Le corps du texte est divisé en deux grandes parties. Les Lignes directrices présentées en première partie couvrent les domaines suivants : I) les motifs justifiant l’actionnariat public, II) l’État dans son rôle d’actionnaire, III) les entreprises publiques sur le marché, IV) l’égalité de traitement des actionnaires et autres investisseurs extérieurs, V) la diffusion de l’information, la transparence et la redevabilité, VI) la composition et le responsabilités des conseils d’administration des entreprises publiques, et VII) les entreprises publiques et la durabilité. Chaque chapitre commence par l’énoncé, en caractères italiques gras, d’une Ligne directrice déclinée en un certain nombre de « sous-rubriques », figurant en gras. Dans la seconde partie du document, les Lignes directrices sont reprises et complétées par des notes explicatives contenant des commentaires destinés à expliciter la logique des Lignes directrices et des sous-rubriques à l’intention des lecteurs.

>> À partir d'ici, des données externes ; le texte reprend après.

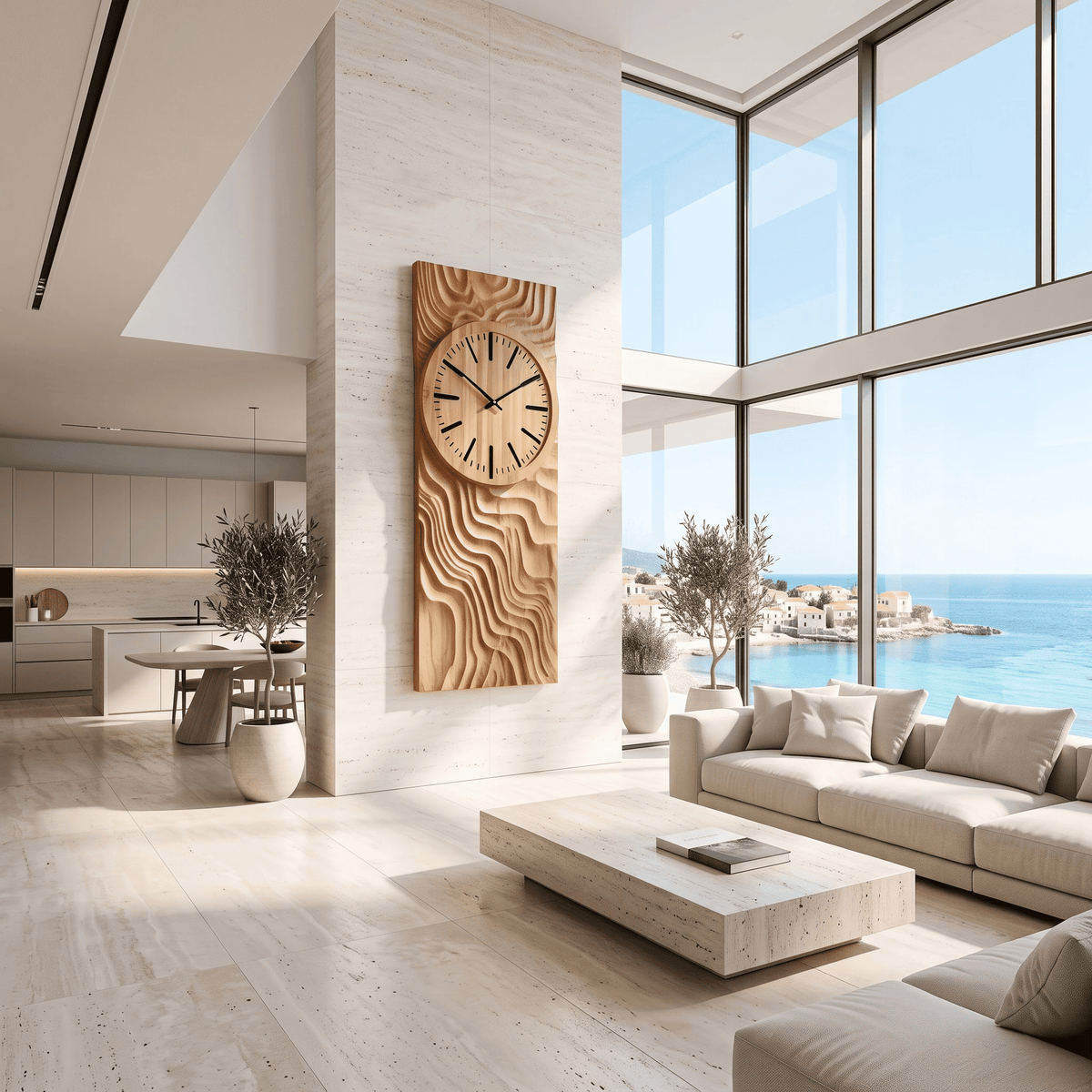 Sculptural solid wood organic wall clock displayed in an elegant living room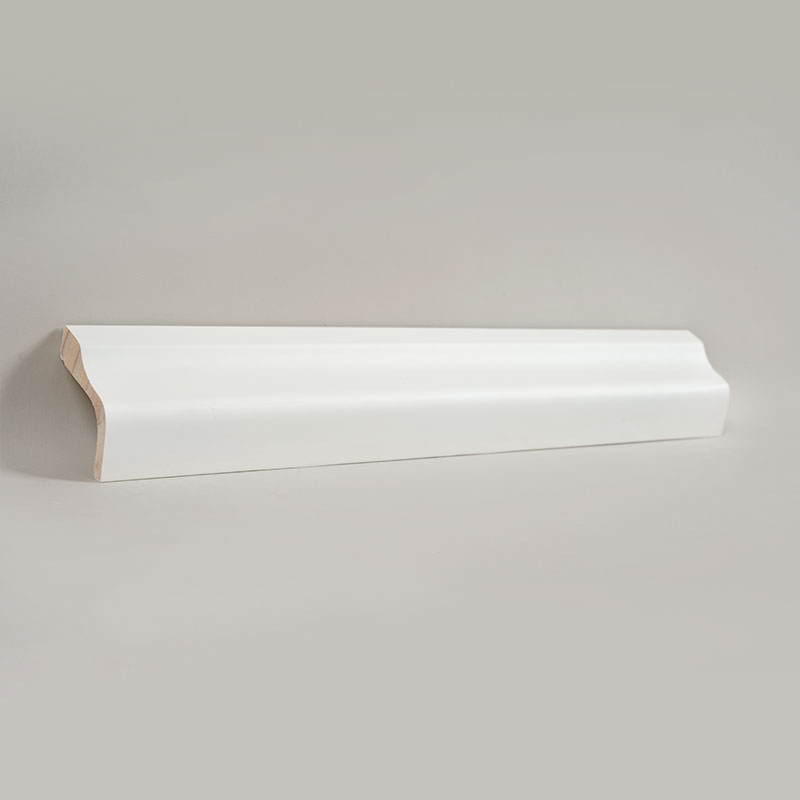 Pine wood skirting board profile installed along a wall base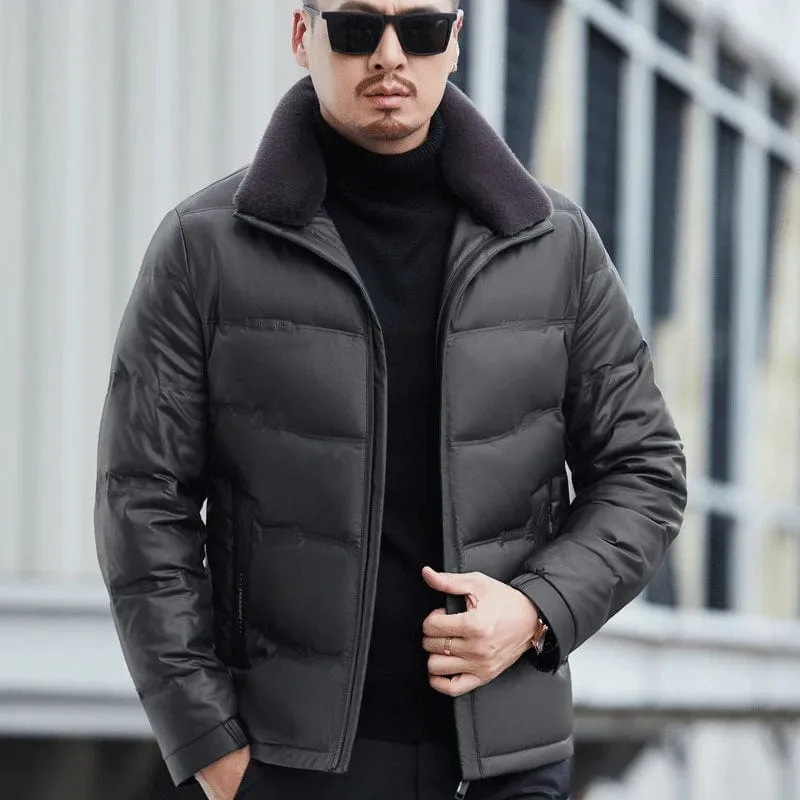 Men's Genuine Sheepskin Leather Winter Coat with Lamb Collar – Thickened Down Outerwear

Ces notes explicatives peuvent aussi proposer des descriptions de tendances dominantes ou émergentes ainsi qu’une palette de méthodes et d’exemples de mise en œuvre pouvant être utiles pour mettre en pratique les Lignes directrices. Les Lignes directrices sont ailleurs complétées par des orientations plus détaillées sur leur la mise en œuvre qui peuvent être consultées dans des rapports et publications de l’OCDE.